There are various types of invoices generated in different formats. Here’s a breakdown of the most common types of invoices used in Switzerland:

  • Paper Invoices: These are traditional invoices handwritten or printed on paper and sent by post or handed directly to the customer. Despite the digital age, paper invoices remain prevalent in certain industries and with businesses that prefer tangible records.
  • PDF Invoices: PDF invoices are digital replicas of paper invoices that can be created on a PC and sent to the customer via email. PDF invoices mimic the layout and content of paper invoices and are not strictly considered electronic invoices. They therefore offer the convenience of digital distribution without the need for specific e-invoicing standards.
  • Electronic Invoices: These invoices are generated, sent, and received in a structured electronic format which allows for automatic and electronic processing.
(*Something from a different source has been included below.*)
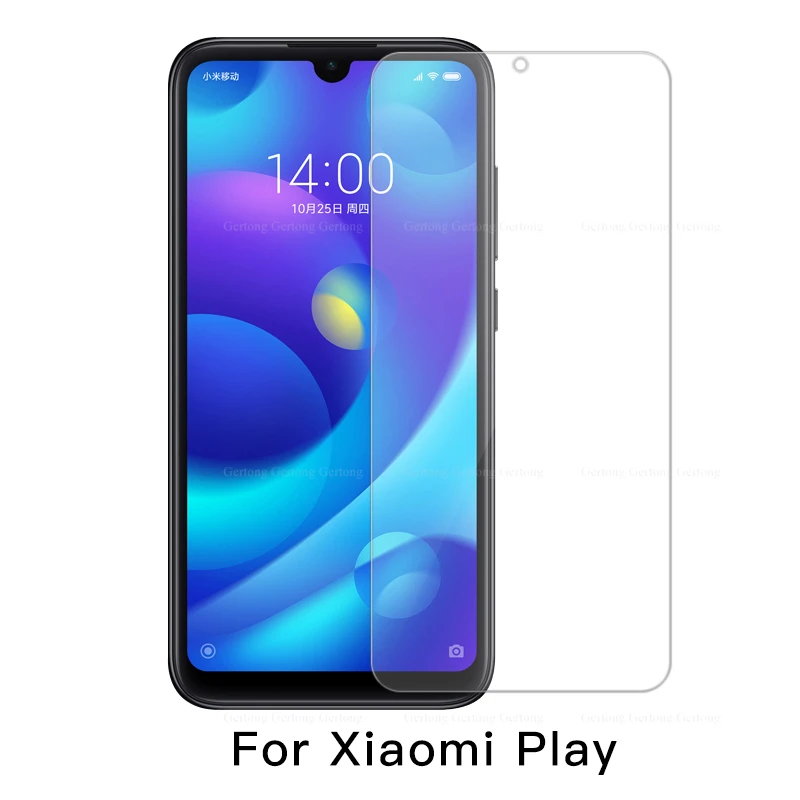 3 шт. защитные Противоударные Защитные пленки для Xiaomi Redmi K20 CC9 Pocophone F1 Play Mi 9T A3 HD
They usually include a QR code which allows the receiving customer to pay for the invoice instantly from their mobile phone.  This format facilitates efficient transaction processing, reduces errors, and enhances compliance with VAT requirements.
  • Proforma Invoices: A proforma invoice is issued before the delivery of goods or completion of services. It outlines the seller’s commitment to deliver goods or services at a specified price. While not strictly a demand for payment, proforma invoices are useful for customs purposes in international trade and for buyers to arrange for payment. One use of proforma invoices is to send free sample shipments to a business partner in a foreign country.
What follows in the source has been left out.